TASK TO COMPLETE — Return the listing below in full, with every line exactly as it is.

---

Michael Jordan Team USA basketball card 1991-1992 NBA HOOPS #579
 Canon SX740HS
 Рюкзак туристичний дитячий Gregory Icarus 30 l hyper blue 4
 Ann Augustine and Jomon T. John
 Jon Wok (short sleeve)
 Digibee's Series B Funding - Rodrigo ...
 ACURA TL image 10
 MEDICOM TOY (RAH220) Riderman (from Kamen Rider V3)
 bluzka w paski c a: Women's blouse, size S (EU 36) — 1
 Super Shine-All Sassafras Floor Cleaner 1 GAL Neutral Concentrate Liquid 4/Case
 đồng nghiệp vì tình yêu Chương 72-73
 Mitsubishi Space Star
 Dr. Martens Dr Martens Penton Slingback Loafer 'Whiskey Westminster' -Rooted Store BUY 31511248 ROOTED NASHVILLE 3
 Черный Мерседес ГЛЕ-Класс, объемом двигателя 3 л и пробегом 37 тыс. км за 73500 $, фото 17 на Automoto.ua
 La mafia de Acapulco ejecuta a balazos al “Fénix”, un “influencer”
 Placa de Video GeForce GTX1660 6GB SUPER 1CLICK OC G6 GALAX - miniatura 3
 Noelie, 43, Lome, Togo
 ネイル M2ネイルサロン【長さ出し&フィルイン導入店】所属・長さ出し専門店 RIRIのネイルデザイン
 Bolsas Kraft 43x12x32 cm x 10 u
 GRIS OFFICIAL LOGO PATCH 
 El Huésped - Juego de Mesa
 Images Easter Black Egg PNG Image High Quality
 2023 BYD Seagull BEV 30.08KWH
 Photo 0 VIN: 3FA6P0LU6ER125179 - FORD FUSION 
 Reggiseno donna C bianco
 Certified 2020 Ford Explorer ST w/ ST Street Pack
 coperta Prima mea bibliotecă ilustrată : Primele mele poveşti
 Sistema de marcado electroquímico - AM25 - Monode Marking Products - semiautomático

---

WRITTEN ANSWER —
Michael Jordan Team USA basketball card 1991-1992 NBA HOOPS #579
 Canon SX740HS
 Рюкзак туристичний дитячий Gregory Icarus 30 l hyper blue 4
 Ann Augustine and Jomon T. John
 Jon Wok (short sleeve)
 Digibee's Series B Funding - Rodrigo ...
 ACURA TL image 10
 MEDICOM TOY (RAH220) Riderman (from Kamen Rider V3)
 bluzka w paski c a: Women's blouse, size S (EU 36) — 1
 Super Shine-All Sassafras Floor Cleaner 1 GAL Neutral Concentrate Liquid 4/Case
 đồng nghiệp vì tình yêu Chương 72-73
 Mitsubishi Space Star
 Dr. Martens Dr Martens Penton Slingback Loafer 'Whiskey Westminster' -Rooted Store BUY 31511248 ROOTED NASHVILLE 3
 Черный Мерседес ГЛЕ-Класс, объемом двигателя 3 л и пробегом 37 тыс. км за 73500 $, фото 17 на Automoto.ua
 La mafia de Acapulco ejecuta a balazos al “Fénix”, un “influencer”
 Placa de Video GeForce GTX1660 6GB SUPER 1CLICK OC G6 GALAX - miniatura 3
 Noelie, 43, Lome, Togo
 ネイル M2ネイルサロン【長さ出し&フィルイン導入店】所属・長さ出し専門店 RIRIのネイルデザイン
 Bolsas Kraft 43x12x32 cm x 10 u
 GRIS OFFICIAL LOGO PATCH 
 El Huésped - Juego de Mesa
 Images Easter Black Egg PNG Image High Quality
 2023 BYD Seagull BEV 30.08KWH
 Photo 0 VIN: 3FA6P0LU6ER125179 - FORD FUSION 
 Reggiseno donna C bianco
 Certified 2020 Ford Explorer ST w/ ST Street Pack
 coperta Prima mea bibliotecă ilustrată : Primele mele poveşti
 Sistema de marcado electroquímico - AM25 - Monode Marking Products - semiautomático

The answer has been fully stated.